I thought about the people of Guyana, whose culture and worldview, so drastically different from my own, altered my existence. Over two years, I learned the meaning of grit while unlearning my skewed ideas of justice, equality, and fairness. I thought about Sharla Hernandez, head of Guyana’s Region 9 Department of Education, and my closest friend while overseas. I recalled the feeling of fury when she gently put her hand on my shoulder to silence me when a male counterpart told me to “shut up” during a Girls Leading Our World planning meeting. “As women, we must do everything quietly; this is how it’s always been done,” she warned me as I watched her prepare dinner later that afternoon. Initially, I rejected this idea of quiet retribution with righteous indignation. Then, as I watched her make dinner for the nine children that she cared for in her home, I reflected on what it takes to be a Guyanese woman. I realized she wasn’t telling me I couldn’t, she was telling me how I could; it was a lesson in self-preservation. She always set a place for me at the table.
Of course, none of these experiences have brought me to any kind of conclusion. Instead, they sparked a new, more profound question: now that I know, what am I going to do about it?
Here I am, over three years later. All of these undertakings have led me to this niche of a career path at the intersection of education, community, equity, and social justice. Yet, all of the seemingly altruistic programs I’ve been a part of prior to Thunderbird have been problematic. I’ve borne witness to the gaps in programs with good intentions but terrible execution, or programming with financial liability or data prioritized over quality or success. I’ve seen teachers in American and Guyanese settings drowning in the responsibility of educating and raising other people’s children despite “data-driven programming” aimed to fix the education system. Nonetheless, witnessing the endless sweat, love, and tenacity the educators/implementers of these programs pour into change serves as a catalyst for my own journey. I then find myself returning to the same question I wrote down at my wooden table two years prior, but this time asking: what are we going to do about it, and how do we do it right?

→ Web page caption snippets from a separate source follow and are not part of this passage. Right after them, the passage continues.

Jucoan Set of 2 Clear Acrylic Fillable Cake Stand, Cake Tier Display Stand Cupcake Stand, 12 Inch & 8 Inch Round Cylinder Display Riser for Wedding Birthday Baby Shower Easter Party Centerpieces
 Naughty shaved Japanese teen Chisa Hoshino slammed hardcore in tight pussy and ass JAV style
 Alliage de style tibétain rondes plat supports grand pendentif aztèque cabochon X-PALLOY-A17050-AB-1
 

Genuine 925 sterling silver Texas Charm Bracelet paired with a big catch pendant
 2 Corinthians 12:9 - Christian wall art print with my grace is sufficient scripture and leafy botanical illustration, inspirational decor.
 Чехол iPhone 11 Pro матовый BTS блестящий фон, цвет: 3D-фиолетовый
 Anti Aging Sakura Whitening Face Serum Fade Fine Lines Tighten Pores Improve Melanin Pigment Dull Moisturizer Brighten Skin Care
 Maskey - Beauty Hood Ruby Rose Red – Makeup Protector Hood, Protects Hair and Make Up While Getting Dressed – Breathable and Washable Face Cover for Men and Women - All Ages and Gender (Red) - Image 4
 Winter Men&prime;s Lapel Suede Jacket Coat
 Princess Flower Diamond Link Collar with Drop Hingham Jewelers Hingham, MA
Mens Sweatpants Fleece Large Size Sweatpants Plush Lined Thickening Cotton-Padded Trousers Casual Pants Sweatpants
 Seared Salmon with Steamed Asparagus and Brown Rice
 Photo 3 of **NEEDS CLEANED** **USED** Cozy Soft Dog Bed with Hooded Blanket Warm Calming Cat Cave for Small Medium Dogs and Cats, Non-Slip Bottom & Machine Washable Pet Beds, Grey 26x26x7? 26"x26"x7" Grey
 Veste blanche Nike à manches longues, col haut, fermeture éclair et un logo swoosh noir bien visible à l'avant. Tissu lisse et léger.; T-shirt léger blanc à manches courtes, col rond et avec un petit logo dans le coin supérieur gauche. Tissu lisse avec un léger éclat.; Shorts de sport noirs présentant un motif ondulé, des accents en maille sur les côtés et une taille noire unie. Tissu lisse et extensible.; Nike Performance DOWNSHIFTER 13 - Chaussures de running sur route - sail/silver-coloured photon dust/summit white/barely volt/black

My goal in attending Thunderbird’s School of Global Management is to develop skills needed to successfully build and maintain culturally responsive, socially-just educational programs. However, I never ever imagined myself in business school. I never thought I could learn accounting, or data collection. It shocks me every day, and it’s the exact opposite of where I saw my life at 28. At Thunderbird, I am learning how business strategy, funding, and policy play into non-profit/ humanitarian programs with maximum community involvement and impact. I have the opportunity to learn from those who have asked similar questions and are looking at the global picture when it comes to building sustainable programs that advocate for social change. After Thunderbird, I dream of someday working with the UN, USAID, or other global initiatives that are also striving to build a stronger global community. My mission is to consistently work to dismantle systemic inequity in education through community involvement, culturally relevant programming, and relational organizing, supported by the knowledge and networks I’ve gained during my time at Thunderbird.